Kulturfläche Blühwiese
Wiesen gehören zu den artenreichsten Lebensräumen in Europa. Kein Wunder also, dass über die Hälfte der heimischen Pflanzen Grünlandarten sind. Stellen Sie sich vor: Artenreiches Grünland besteht aus 30 bis 60 Pflanzenarten, und im Schnitt kommen auf jede Pflanzen-art zwölf Insektenarten. Damit ist die Blühwiese ein einzigartiger Lebensraum, Nahrungsquelle und auch Nistplatz für Insekten. Damit aus einer Gebrauchsrasenfläche wie der in Hassee an der Ecke Altenrade / Neuenrade eine Blühwiese wird, braucht es mehr als den Verzicht aufs Mähen. Idealerweise ist der Boden von sich aus eher mager. Die vorhandene Fläche wird dann umbrochen, also maschinell „umgegraben“, und anschließend findet die Neuansaat mit einer geeigneten Saatmischung statt. „Wir nutzen ein speziell für Kiel zusammengestelltes Regio-Saatgut“, erklärt Anna-Margareta Bläse vom Grünflächenamt, „darin enthalten sind 37 Pflanzenarten.“ Einheimischer geht es nicht. Geachtet wurde dabei unter anderem auch auf eine geringe Anzahl Gräser und einen übers Jahr gesehen langen Blühzeitraum.

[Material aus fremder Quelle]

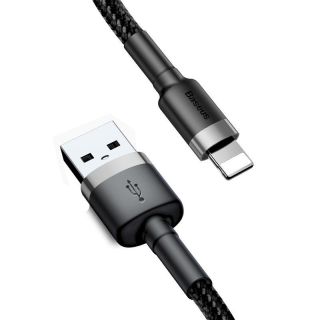 Baseus Cafule USB Lightning Charging Cable 2.4A 0.5m / gray/black (CALKLF-AG1)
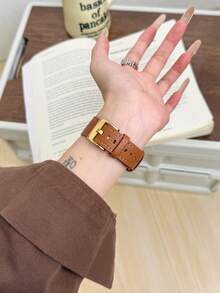 1条优雅友谊手链，真皮表带，兼容表带，女士运动款，适用于38mm、40mm、41mm、42mm、44mm、45mm、46mm、49mm表盘；表带兼容 Ultra 10/9/8/7/6/5/4/3/2/1 SE系列 - 金色 - 查看 3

Um in voller Pracht aufzublühen, braucht es dann noch Zeit. In zwei bis drei Jahren etwa wird die Hasseer Blühwiese voll entwickelt sein, vorausgesetzt, es wird ein- bis zweimal im Jahr gemäht und das Mähgut wird (es soll ja mager bleiben!) abgeräumt. Die erste Mahd findet circa im Juni, die zweite ungefähr im September statt. Spätestens daran wird klar, dass die Blühwiese eine alte Kulturlandschaft ist, die sich abhängig von menschlicher Bewirtschaftung entwickelt hat.

Saatfläche in organischer Form
Vorbereitet hat diese Fläche ein Ausbildungsteam des Grünflächenamts, Abteilung Friedhöfe. Zwischen Bäumen, um den Gedenkstein und neben der Sitzmöglichkeit haben die Lehrlinge eine Einsaatfläche in organischer Form geschaffen, die der Neuanlage schon vor der Ansaat einen harmonischen Ausdruck verleiht.
Unterstützung bei der feierlichen Einsaat am 16. September bekommt das Grünflächenamt durch die Kinder und Jugendlichen der „Station 113“, des unmittelbar benachbarten Hasseer Jugendtreffs. Ein knappes Dutzend von ihnen bekommt Eimer mit der Saatgutmischung und eine Anleitung, wie aus dem Handgelenk heraus der richtige Schwung entsteht – „wie beim Hühnerfüttern“, kommentiert Leiter Jörg Breede und greift selbst ebenfalls in den Eimer.

Dazu Waffeln und Hip-Hop
Im und um den ehemaligen Hasseer Bahnhof in der Altenrade 2 zeigen sich die Jugendlichen als gute Gastgeber. Zum Kaffee gibt es aus dem Bus der mobilen Offenen Kinder- und Jugendarbeit heraus frisch gebackene Waffeln, auch vegane. Nebendran legt ein Kollege aus dem Jugendtreff Ellerbek Hip-Hop-Tracks auf.
So sind alle Anwesenden noch ein Weilchen beisammen, plauschen und sind sich einig: Kiel kann noch in mancherlei Hinsicht ordentlich wild aufblühen!